Sexuality and Nudity in Ancient Mesoamerica


The ancient civilizations of Mesoamerica left behind a rich artistic legacy that continues to captivate and intrigue modern scholars and enthusiasts. Among the myriad of themes that Mesoamerican art explored, one aspect stands out as both fascinating and provocative:  human sexuality.

From the seductive curves of ceramic vessels to the intricate murals adorning temple walls, the depictions of sexuality in Mesoamerican art offer a window into the intimate realms of desire, fertility, and spirituality. This was a natural aspect of ancient belief and can tell us a lot more about the everyday lives of ancient Mesoamericans.

Sexuality in Mesoamerican Art

Sexuality and eroticism were recurring themes in Mesoamerican art, reflecting the diverse cultures and beliefs of the region. Artworks from ancient civilizations such as the Maya, Aztec, and Olmec often depicted sexual imagery and explored various aspects of human sexuality.
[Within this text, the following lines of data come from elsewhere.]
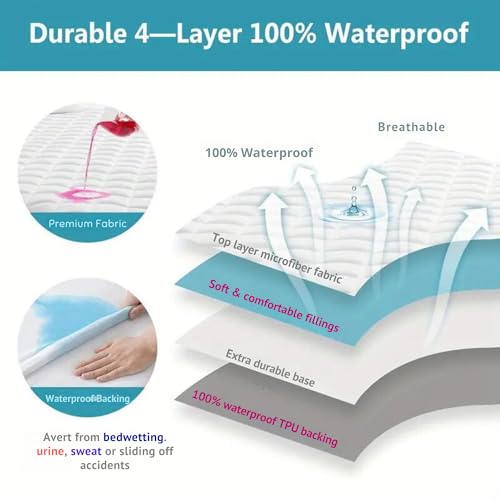 Protège-matelas imperméable doux et alèse 100% microfibre matelassée - 3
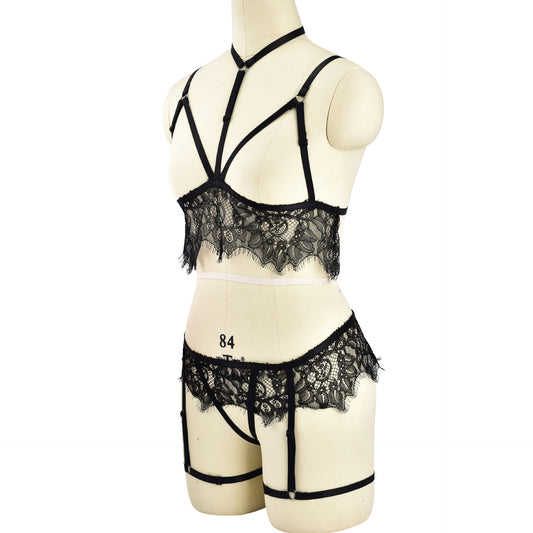 Intimate Sexy Latina Lingerie Set Nasty Sexy Harness Lingerie Latina Bra Panties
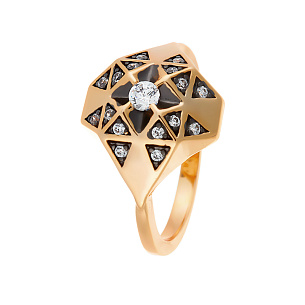 Кольцо из серебра с фианитами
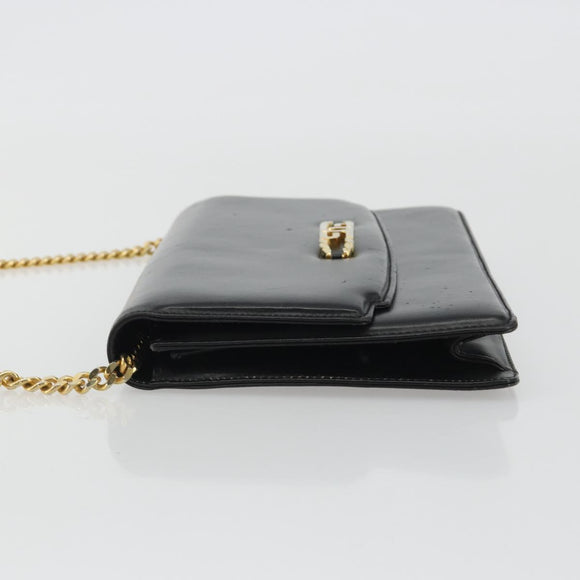 GUCCI Chain Shoulder Bag Leather Black Gold Auth ep14950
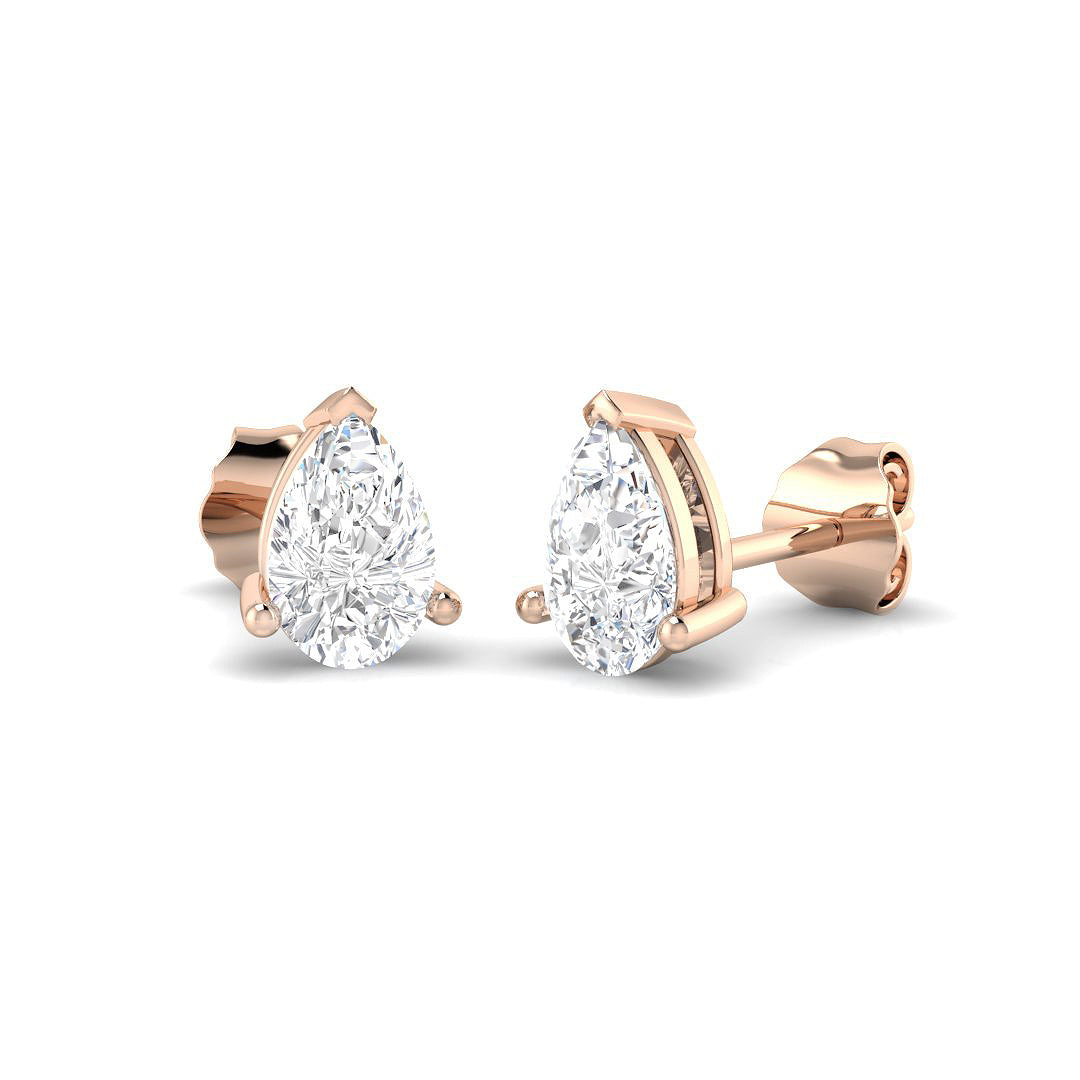 Stud Earrings with Lab Grown Pear Cut Diamond - 1.50ct in 10K/14K gold and platinum with certified lab-grown or natural diamonds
In these ancient cultures, nudity and sexuality were not seen in the same light as they are today. In modern and near-modern history, explicit eroticism and nudity was often seen as taboo and inappropriate. But in ancient cultures it was not so. Fertility and sex played a huge role in the everyday lives of many ancient civilizations, including Mesoamericans. There were numerous deities connected with virility, fertility, childbirth, and so on. With that being said, it should not come as a surprise to realize that a lot of Mesoamerican gods, murals, sculptures, and beliefs revolved around explicit nudity and sexuality.

Of course, it goes without saying that many Mesoamerican cultures held fertility in high regard and believed it to be closely tied to the cycles of nature. After all, life back then was not a certainty, and the people prayed to the gods of fertility to secure offspring, as well as good yield.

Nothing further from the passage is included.